* **Problem requirements**
Leave out the images and repeat every entry below exactly.

___ Information supplied ___

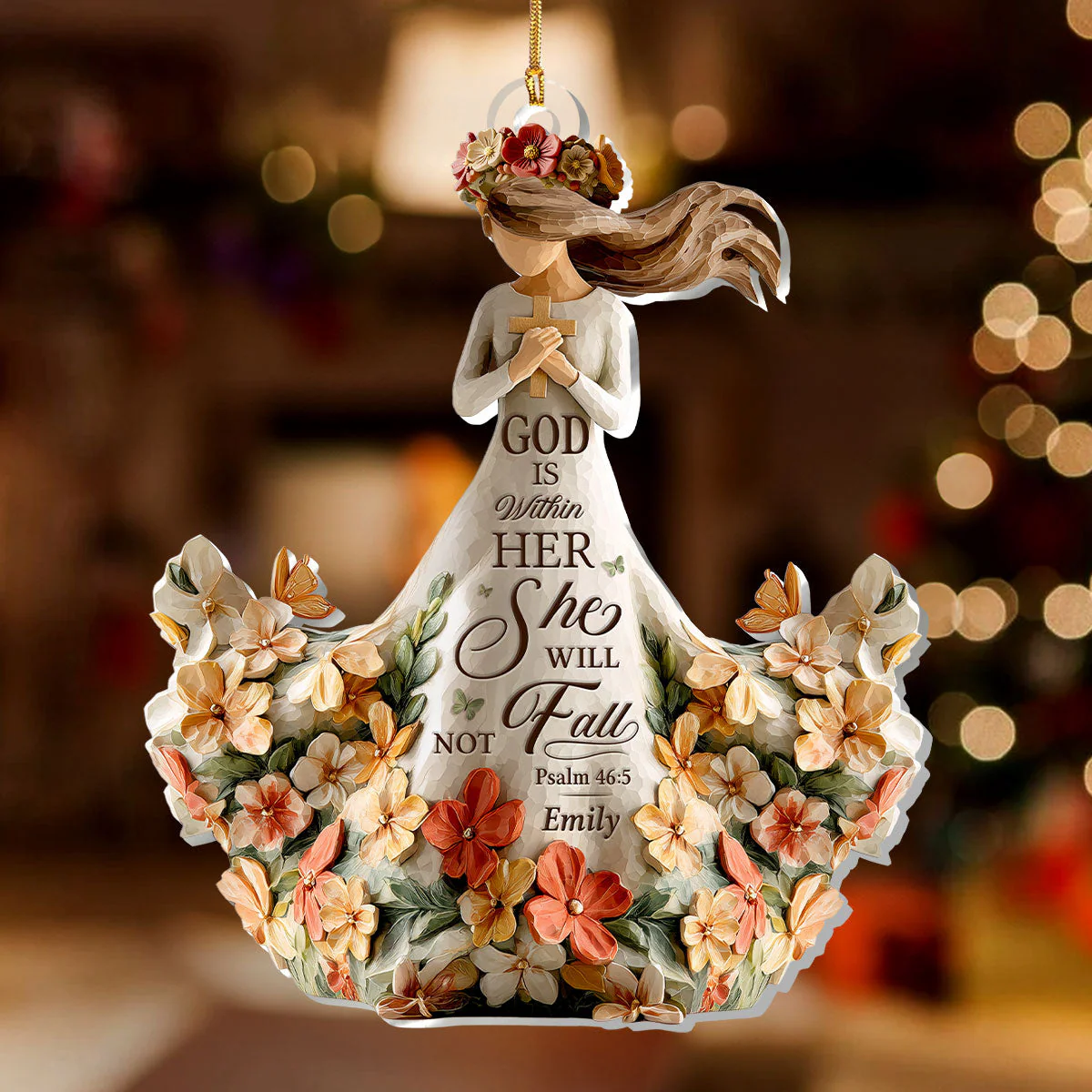 God Is Within Her She Will Not Fall - Personalized 1-Layer Acrylic Ornament HL128 - Image 2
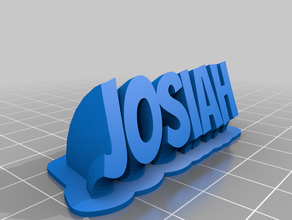 josiah name plate customized 3d print model - Mito3D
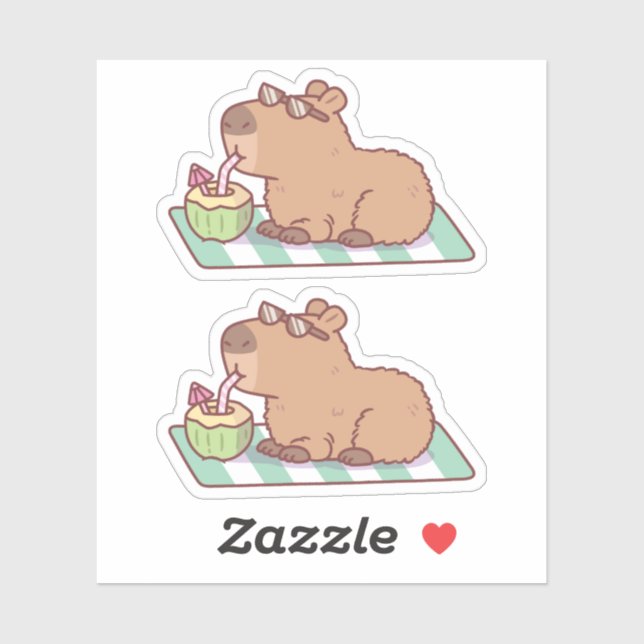 Sticker Capybara décontracté buvant du jus de coco (Feuille)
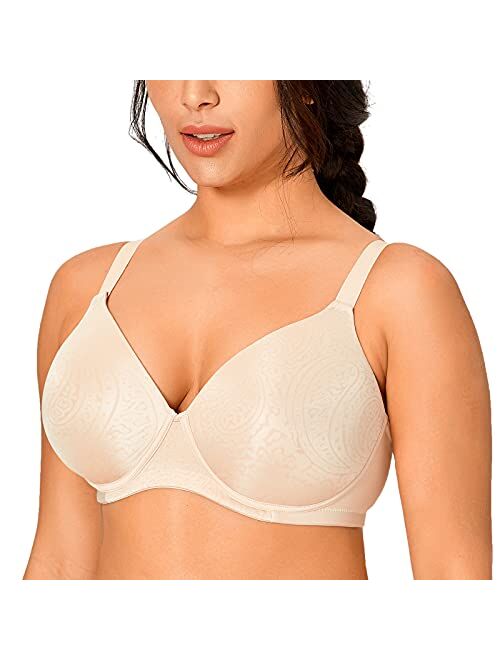 DELIMIRA Women's Full Coverage Wireless Lightly Padded Plus Size Seamless Bra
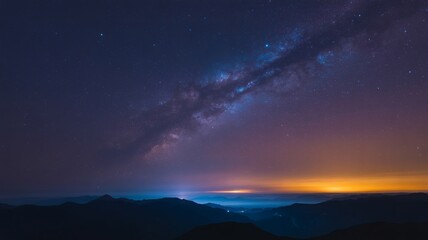 Fototapeta premium Stunning Milky Way galaxy over mountain range at sunset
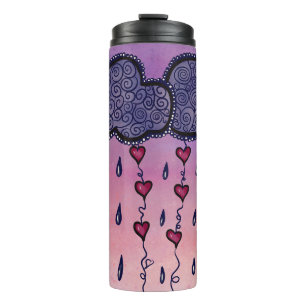 Bouteilles Isothermes Mignons nuages et coeurs art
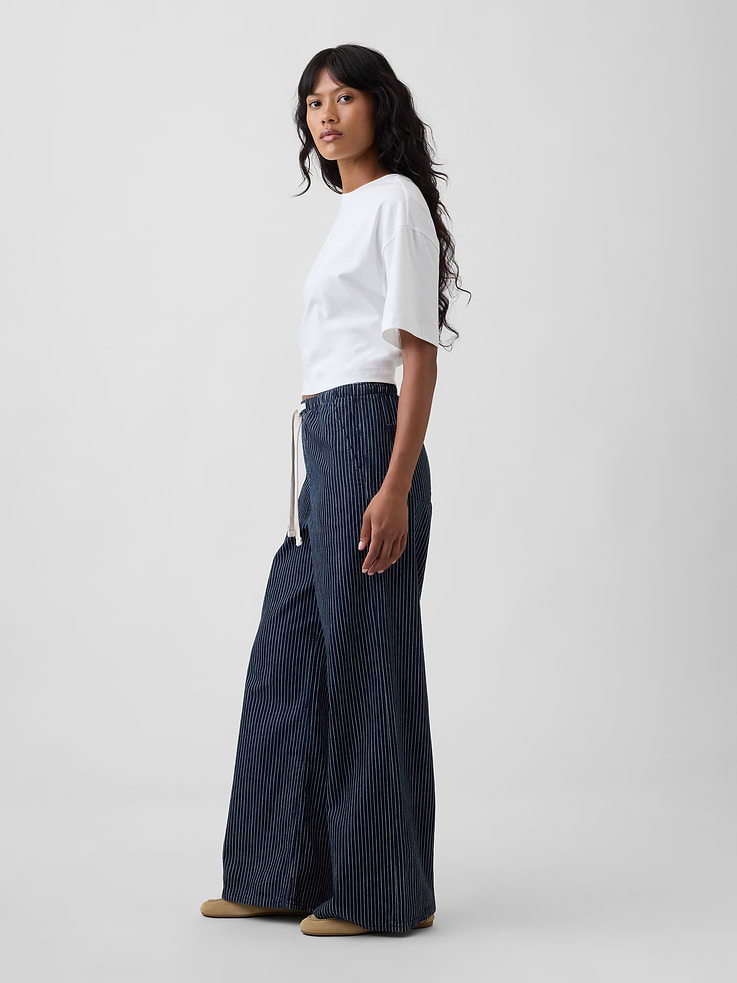 Image number 3 showing, Mid Rise Railroad Stripe Pull-On Wide-Leg Jeans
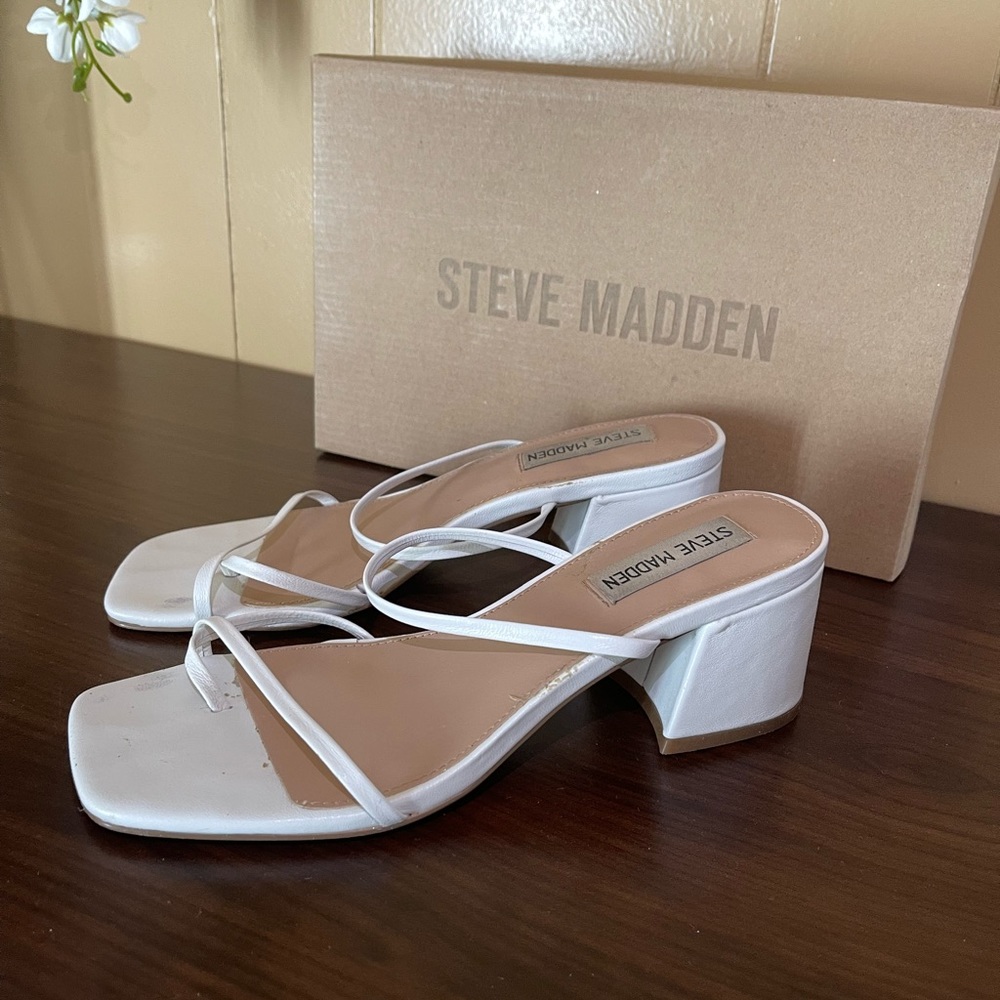 Steve Madden White Block Heel Sandals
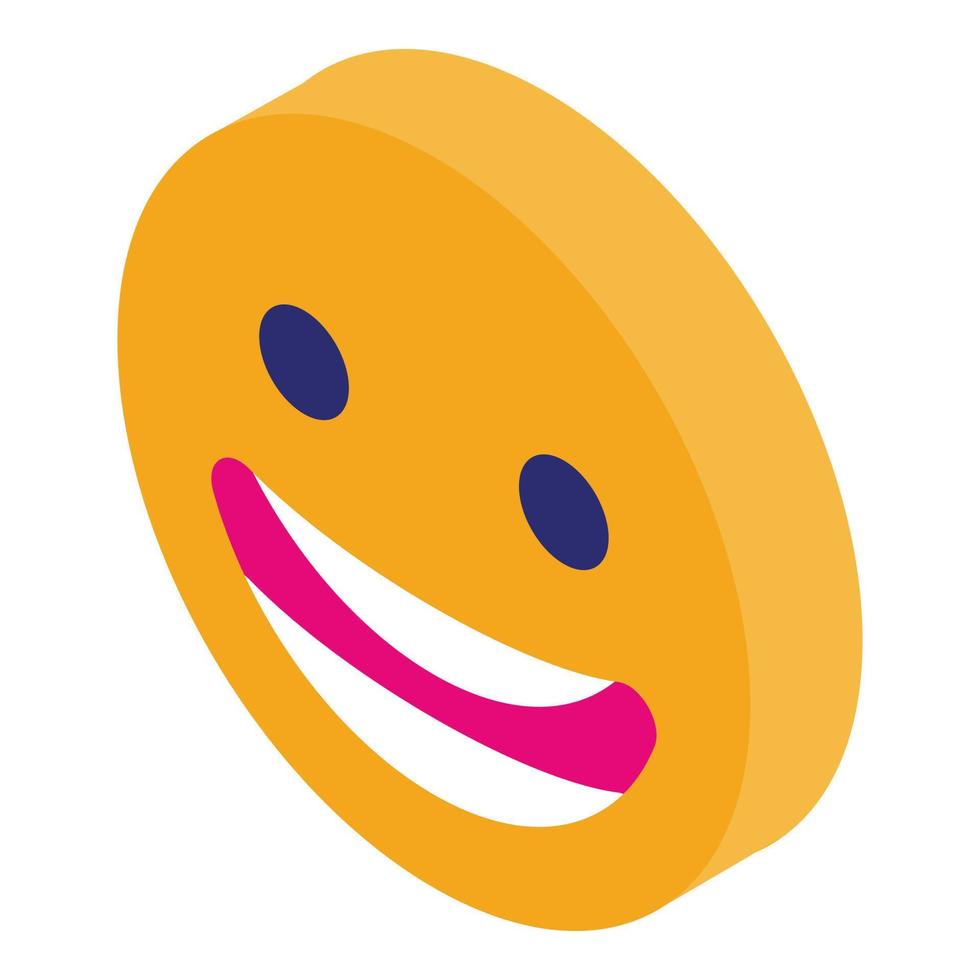 Smile emoji icon, isometric style vector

___

* **Exercise solution**
 God Is Within Her She Will Not Fall - Personalized 1-Layer Acrylic Ornament HL128 - Image 2
 josiah name plate customized 3d print model - Mito3D
 Sticker Capybara décontracté buvant du jus de coco (Feuille)
 DELIMIRA Women's Full Coverage Wireless Lightly Padded Plus Size Seamless Bra
 Fototapeta premium Stunning Milky Way galaxy over mountain range at sunset
 Bouteilles Isothermes Mignons nuages et coeurs art
 Image number 3 showing, Mid Rise Railroad Stripe Pull-On Wide-Leg Jeans
 Steve Madden White Block Heel Sandals
 Smile emoji icon, isometric style vector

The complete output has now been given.